Uludağ Üniversitesi Uluslararası İlişkiler Ana Bilim Dalı Öğretim Üyesi Prof. Dr. Tayyar Arı da “Günümüzde bölgenin, yine orada yaşayan halkların iradelerine hiç önem vermeden daha küçük parçalara bölünmeyi amaçlayan yeni bir sürece sürüklendiğini görüyoruz. Bu, anlaşma güncelleniyor mu sorusunu hatırlamamıza yol açıyor.” dedi.
Arı, “Bu kriz (Suriye) iyi bir irade sergilenmiş olsaydı önlenebilirdi ama sanki doğal seyrine bırakılarak tarafların yorulması ve bölünme için ortamın uygun hale gelmesi arzu ediliyor.
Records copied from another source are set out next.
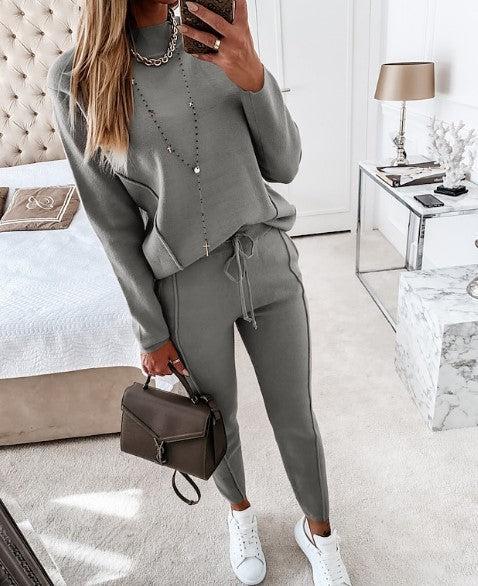 CM | Prenda de invierno atemporal y elegante
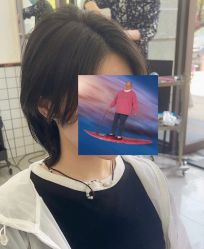 -名艺造型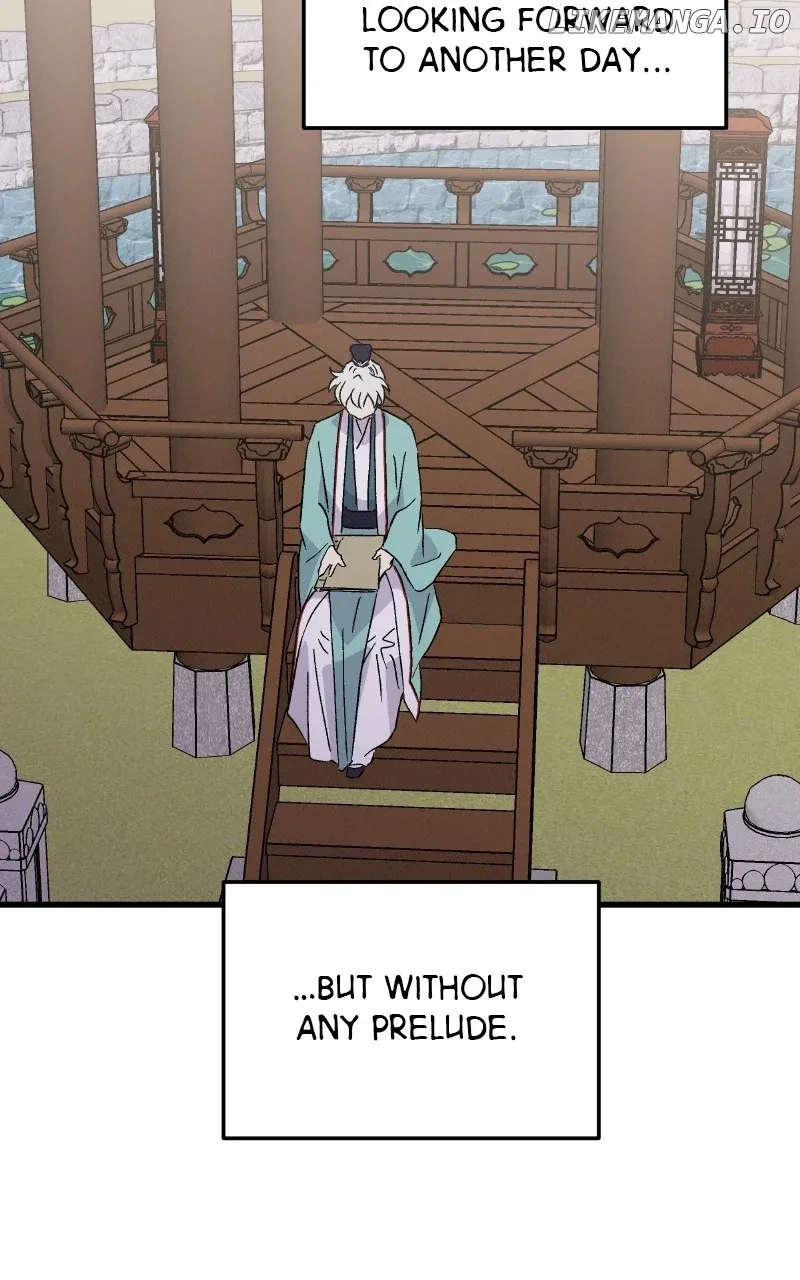 Concubine Scandal Chapter 88 page 85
Bu bağlamda da bölünme, kimlikler üzerinden tasarlanan Ortadoğu’yu daha mayınlı hale getirecek ve bölge ülkeleri arasındaki fitneyi artıracaktır.” değerlendirmesinde bulundu.
“Bugün de aynı gayeyle Ortadoğu’dalar”
Anka Teknoloji Üniversitesi Rektörü Prof. Dr. Mehmet Çelik ise Skyes-Picot Anlaşması‘nın, İngilizler ve Fransızlar arasında Ortadoğu’nun gizlice paylaşılması olduğunu hatırlattı. “O gün Ortadoğu’ya niçin geldilerse bugün de Ortadoğu’da aynı gayeyle bulunmaktadırlar. Bu kez yeni bir dizayna gidiyorlar.” diye konuştu.